Cependant, dans la course à la maîtrise de ces technologies, la puissance asiatique a certaines limites. Dans le cas de la 5G, bien que leader mondial dans le développement de brevets, avec Huawei comme fleuron, la Chine dépend de manière critique de l'importation de semi-conducteurs, un composant qui a focalisé les attaques des États-Unis connaissant la faiblesse structurelle dont souffre le pays asiatique. En ce qui concerne l'IA, bien que la Chine dispose de l'un des principaux avantages dans cette technologie car elle a accès à plus de données que tout autre pays, le manque de capital humain disponible, ainsi que la limitation de la production nationale de semi-conducteurs, constituent un handicap pour dépasser les États-Unis. 
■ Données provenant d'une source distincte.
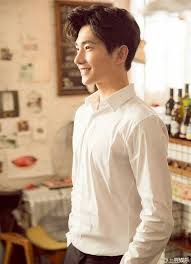 微微一笑很倾城 Atores Coreanos Yang Yang Melhores Doramas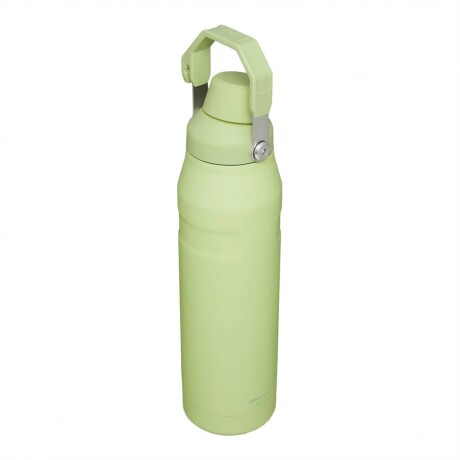 BOTELLA STANLEY 24OZ ICEFLW Botella Termica STANLEY Iceflw Capacidad 710Ml - Aerol Verde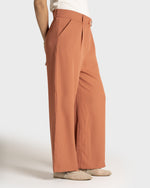 Women Flared Trouser - Engine - Buy Now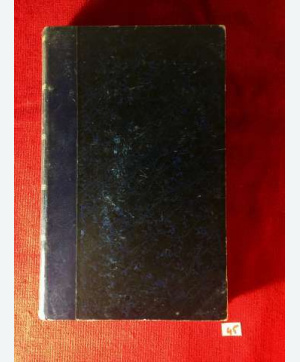 Histoire du consulat et de l’Empire. 1836. (Lot de 4 Tomes)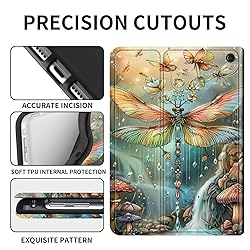 Case for Amazon Fire HD 10 Tablet Case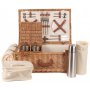 Deluxe 4 Person Hamper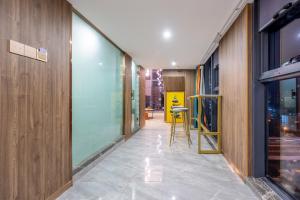 Fotografie z fotogalerie ubytování PlanA Huachao Hotel v destinaci Kchun-ming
Ainsi, la Chine accroît sa capacité à développer des technologies perturbatrices, même si cela ne s'est pas encore traduit par une augmentation de sa capacité technologique globale, en grande partie en raison de l'incohérence de ses capacités institutionnelles et infrastructurelles. Au cours de la prochaine décennie, l'offensive technonationaliste devrait être au centre de la stratégie de la Chine, tant pour modifier son modèle de croissance sur le plan intérieur que pour poursuivre ses efforts en vue de devenir la première puissance mondiale.